↓↓↓

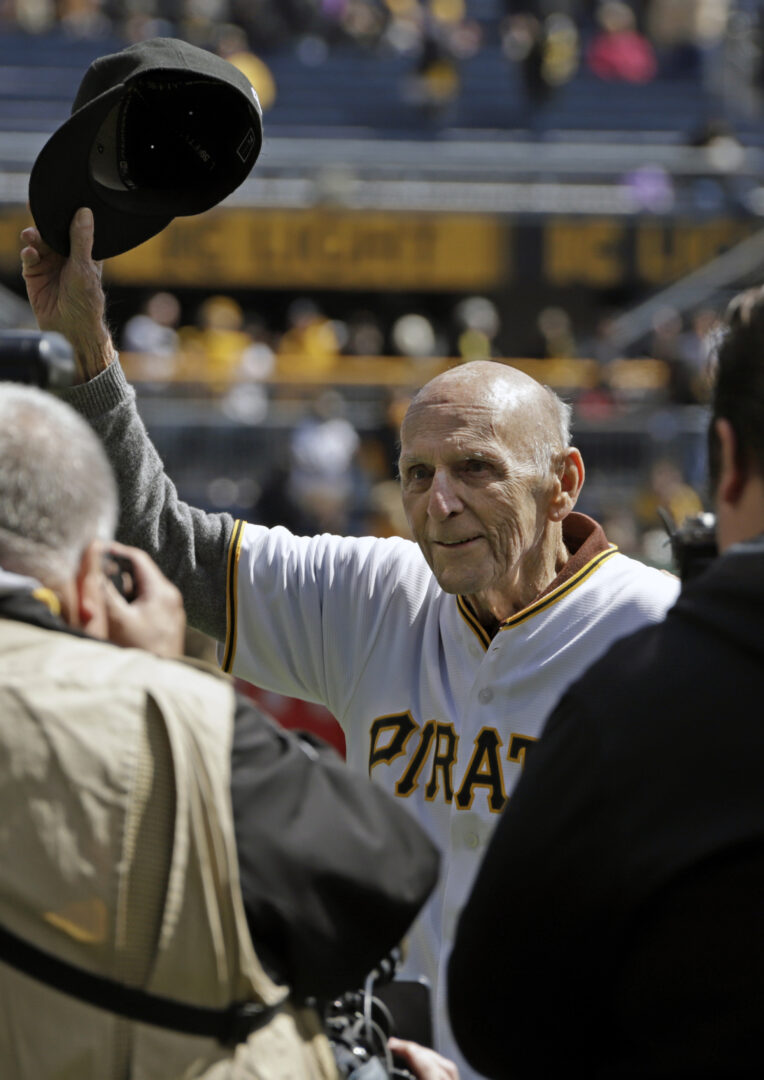 FILE - Former Pittsburgh Pirates shortstop Dick Groat, center, acknowledges fans at PNC Park during a pregame ceremony honoring his lifetime of service to the Pirates organization, before a baseball game against the St. Louis Cardinals in Pittsburgh, Monday, April 1, 2019. Groat, a two-sport star who went from All-American guard in basketball to a brief stint in the NBA to ultimately an All-Star shortstop and the 1960 National League MVP while playing baseball for his hometown Pittsburgh Pirates, has died. He was 92. Groat's family said in a statement that Groat died early Thursday morning, April 27, 2023, at UMPC Presbyterian Hospital due to complications from a stroke. 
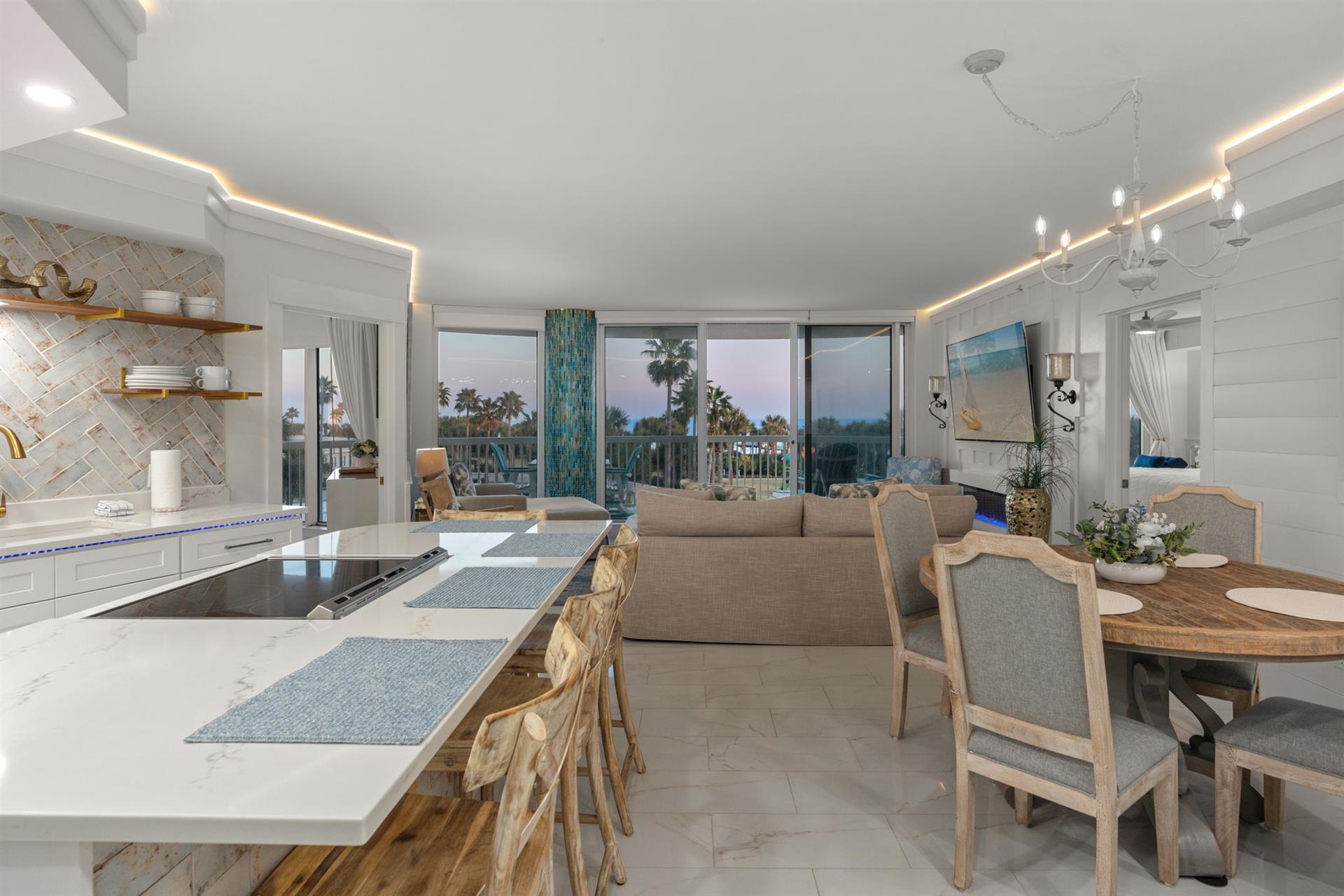 Open living space with stunning views of swaying palms creating perfect vacation vibes.
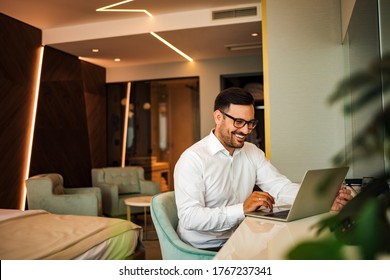 Elegant smiling man using laptop in the luxury hotel room, portrait. - Powered by Shutterstock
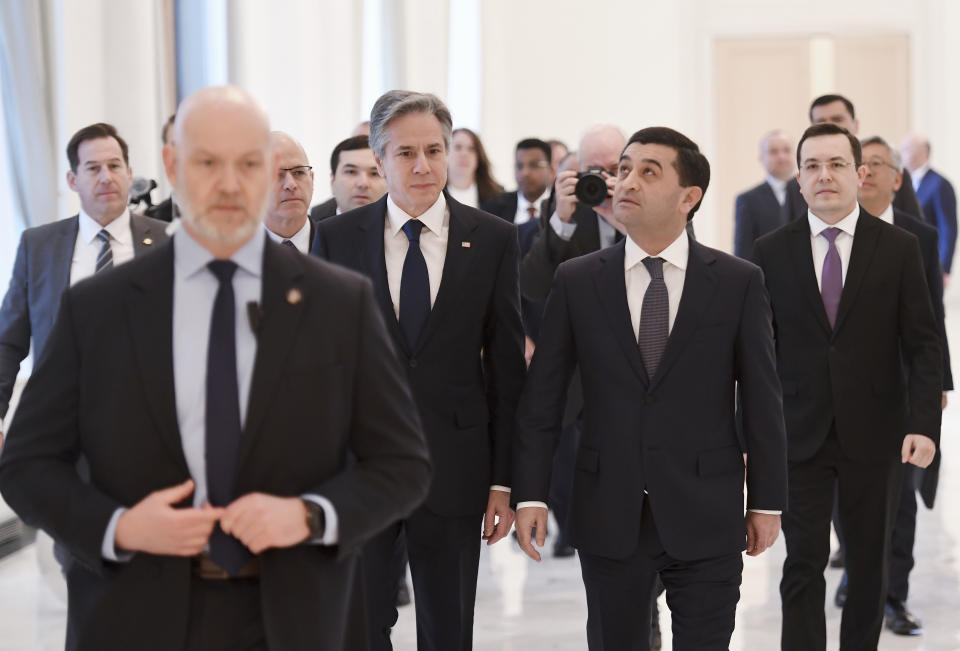 U.S. Secretary of State Antony Blinken, center left, and Uzbekistan Acting Foreign Minister Bakhtiyor Saidov walk to a meeting at the National Library in Tashkent, Uzbekistan, Wednesday, March 1, 2023. (Olivier Douliery/Pool Photo via AP)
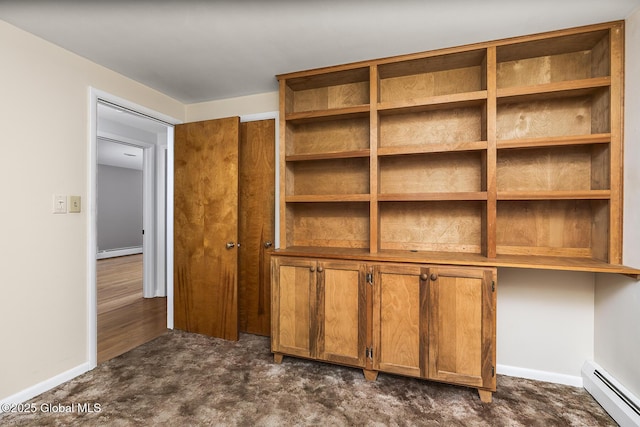 unfurnished bedroom featuring dark colored carpet, a baseboard heating unit, and baseboards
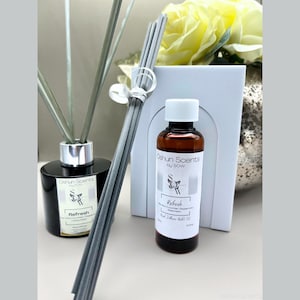 Può includere: Una bottiglia diffusore nera con canne grigie e una bottiglia di olio essenziale più piccola abbinata. Entrambe le bottiglie hanno un'etichetta bianca con il testo "Oshun Scents by SoW" e "Refresh Cucumber & Peppermint Watermelon Reed Diffuser Oil".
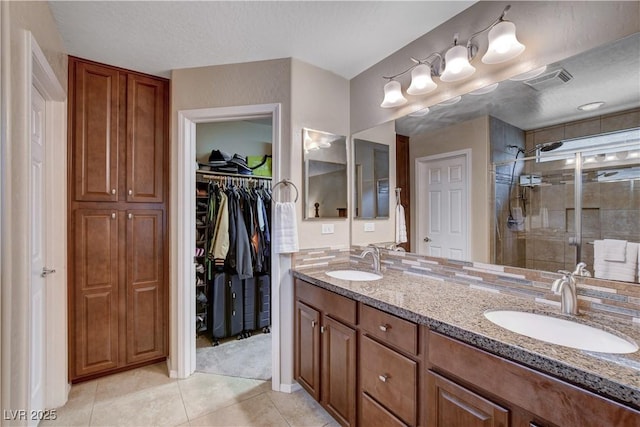 3712 Rocklin Peak Ave, North Las Vegas, NV 89081 - full bath featuring a stall shower, tile patterned flooring, double vanity, a spacious closet, and a textured ceiling
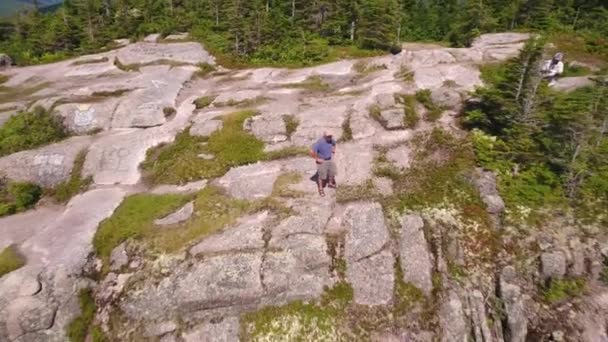 Hombre de pie en la cima de un acantilado sobre un cañón forestal — Vídeos de Stock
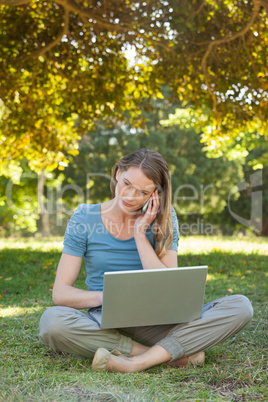 Relaxed woman using laptop and mobile phone at park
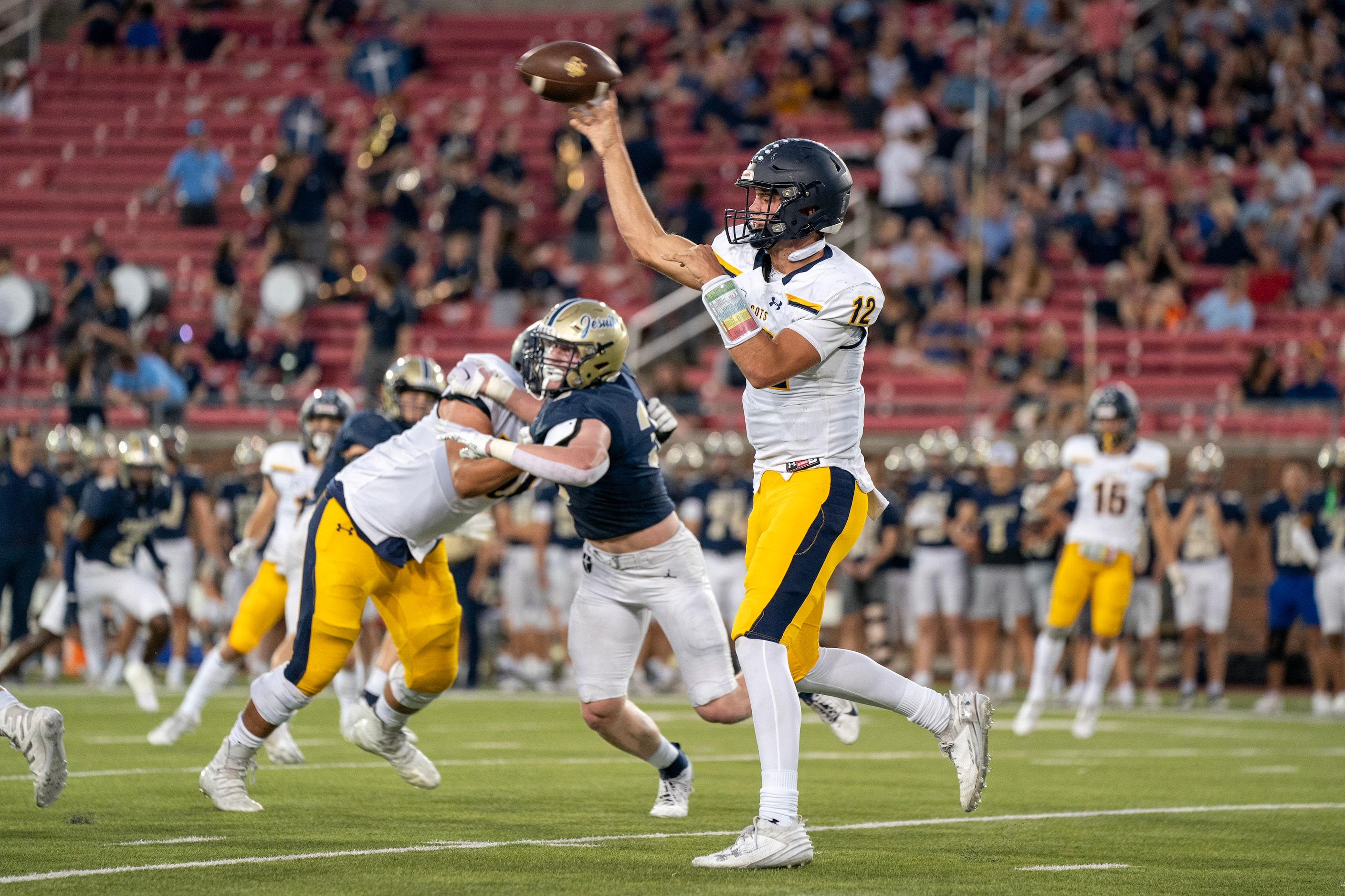 Highland Park senior quarterback Warren Peck (12) throws a pass against Jesuit during the...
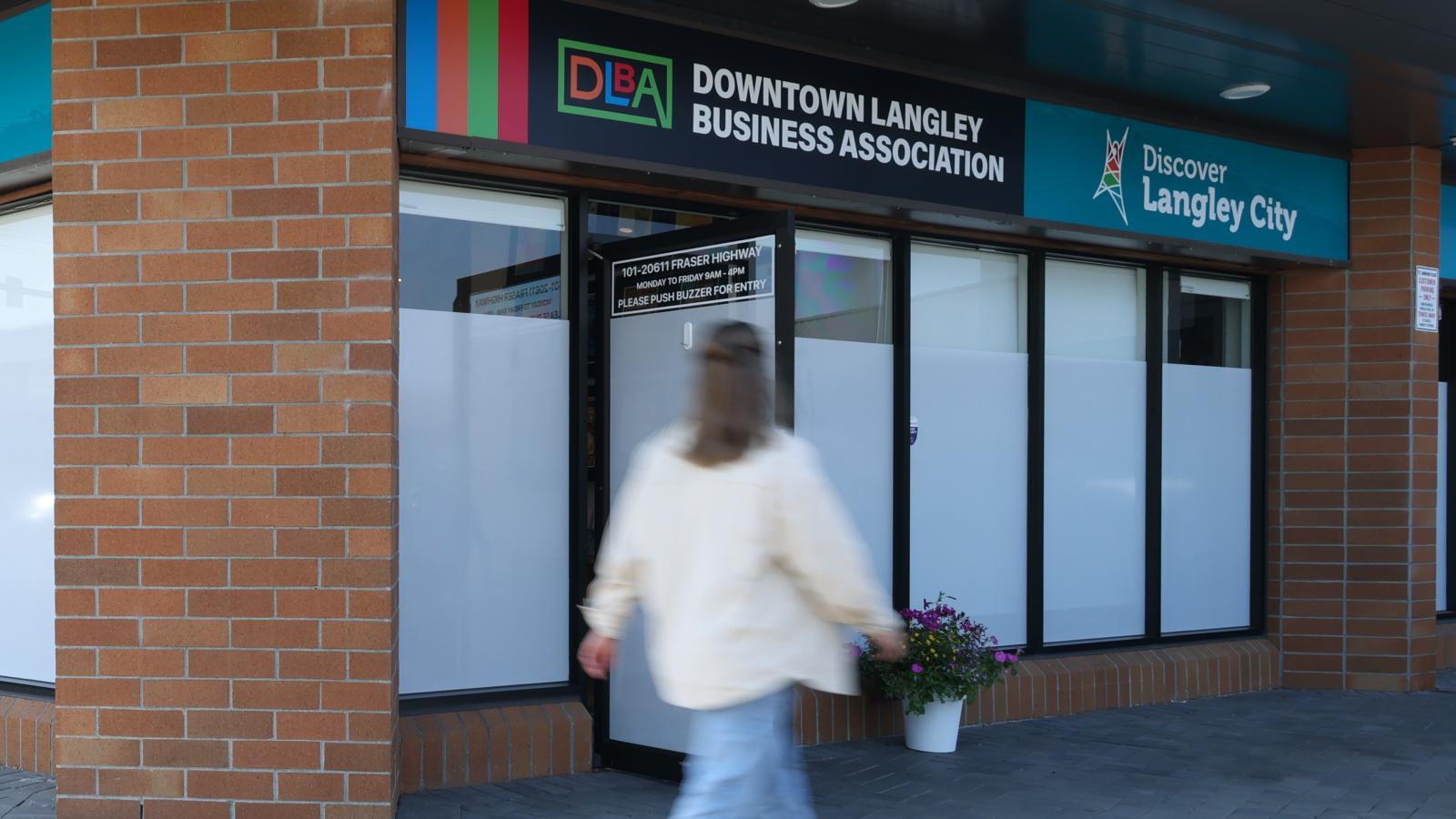 lady walking past Discover Langley office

↑↑↑

What you return should be the exact lines from the one containing "Hombre de pie" through the end of the listing above, both included, minus any pictures.

 Hombre de pie en la cima de un acantilado sobre un cañón forestal — Vídeos de Stock
 Relaxed woman using laptop and mobile phone at park
 Highland Park senior quarterback Warren Peck (12) throws a pass against Jesuit during the...
 lady walking past Discover Langley office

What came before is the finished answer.